To this kind of a world Jesus words are a challenge: Honorable are the poor, those that mourn, those that are hungry seeking what is right and just for all. Blessed are those who seek God, and who act out of mercy and compassion as opposed to consumption and greed. The Beatitudes of Jesus are not another list of commandments. They are a basic spirituality. Essentially there is nothing wrong with being achieving in our fields, or even affluent for that matter. Occasional competion is invigorating, I would suppose. Nothing wrong with asserting our God given indidualism, our talents and abilities. But to have no basic spirituality, nor inner sense of Godliness is to act our values in a destructive and dangerous way, which is the cause of so much alienation, hostility, hatred, suspicion, and violence in our world.
Jesus takes the disciples aside from the world and what it declares to be honorable and valuable, and he injects what God sees as honorable, the spirituality of compassion, mercy, hungering for right for all, and seeking to be in union with Godliness, and recognizing full well that Godliness is not without its enemies in the world, and those who are indifferent to true Godliness.

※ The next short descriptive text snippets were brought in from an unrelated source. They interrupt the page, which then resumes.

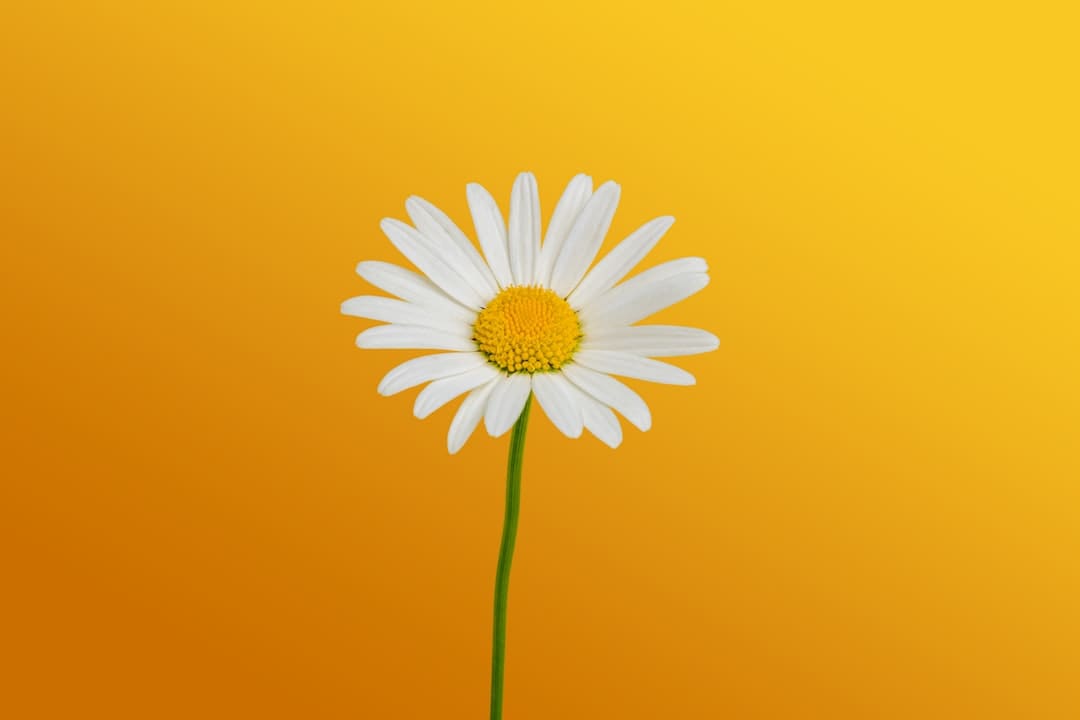 http://n.sinaimg.cn/news/transform/w600h400/20180308/5c8Y-fxpwyhv7520435.jpg?zdy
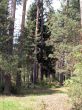 coniferous forest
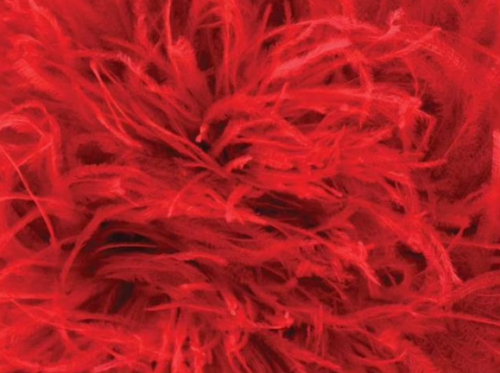 Pióra strusie - RED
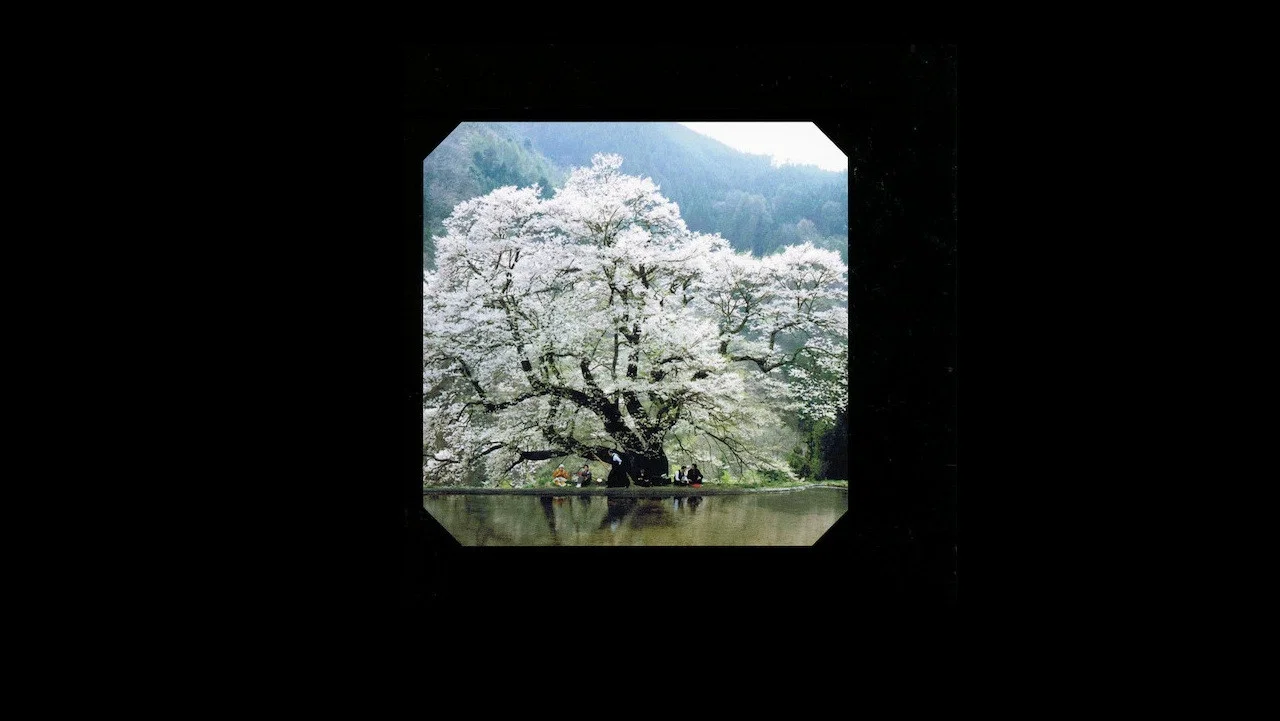 美式天然 - 剧照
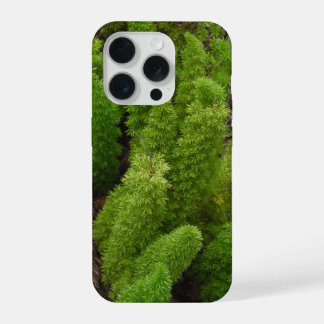 Coque iPhone 15 Pro Marches de fougères vertes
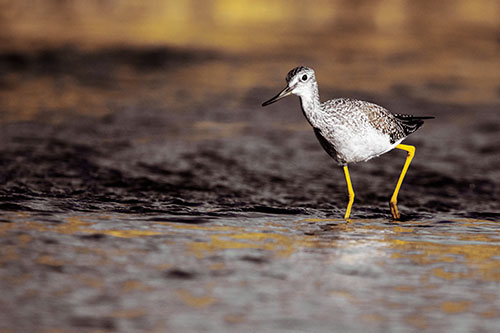 Greater Yellowlegs Bird Walking On River Water (Yellow Tint Photo)
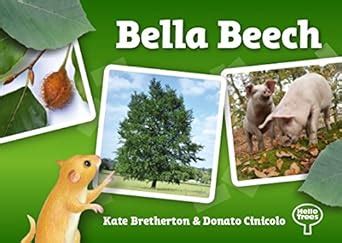 Buy Bella Beach (Hello Trees) Book Online at Low Prices in India ...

Today we are celebrating two closely related things. We celebrate around the world and throughout Christendom the Feast of All the Saints. We remember that the saints were not merely outstandingly religious figures who end up in stained glass. The saints were people with weakness as well as strengths. Like all of us with our sins and virtures we celebrate being the people of God who are called to be the channels of his grace in the world. At the same time we are celebrating the fact that we are making three new saints in the children that we baptize today. Symbolically we are drowning them, encouraging them to die to the ways of the world and raising them up as new born Christians, people of God in the likeness of Christ. They are being immersed into the Christ's spirituality that they may appreciate what genuine honor and blessedness is. They are to understand that all who are poor, all who are in mourning and suffering, all who struggle and hunger for righteousness and justice. All who want to be compassionate. These are the one's that God honors. In their own poverty, uncertaintly, and anxiety, God will love them. God will love them in their desire to be compassionate people. Parents, and this congregation must continually immerse our children in this faith so that they may not be overcome by and only know the cruel aggressiveness, the rank individualism, the discompassionate competitive, consumptive affluence of the world. Help them to know Jesus, to know and love God. In showing them the way we all shall be renewed in true sainthood and blessedness.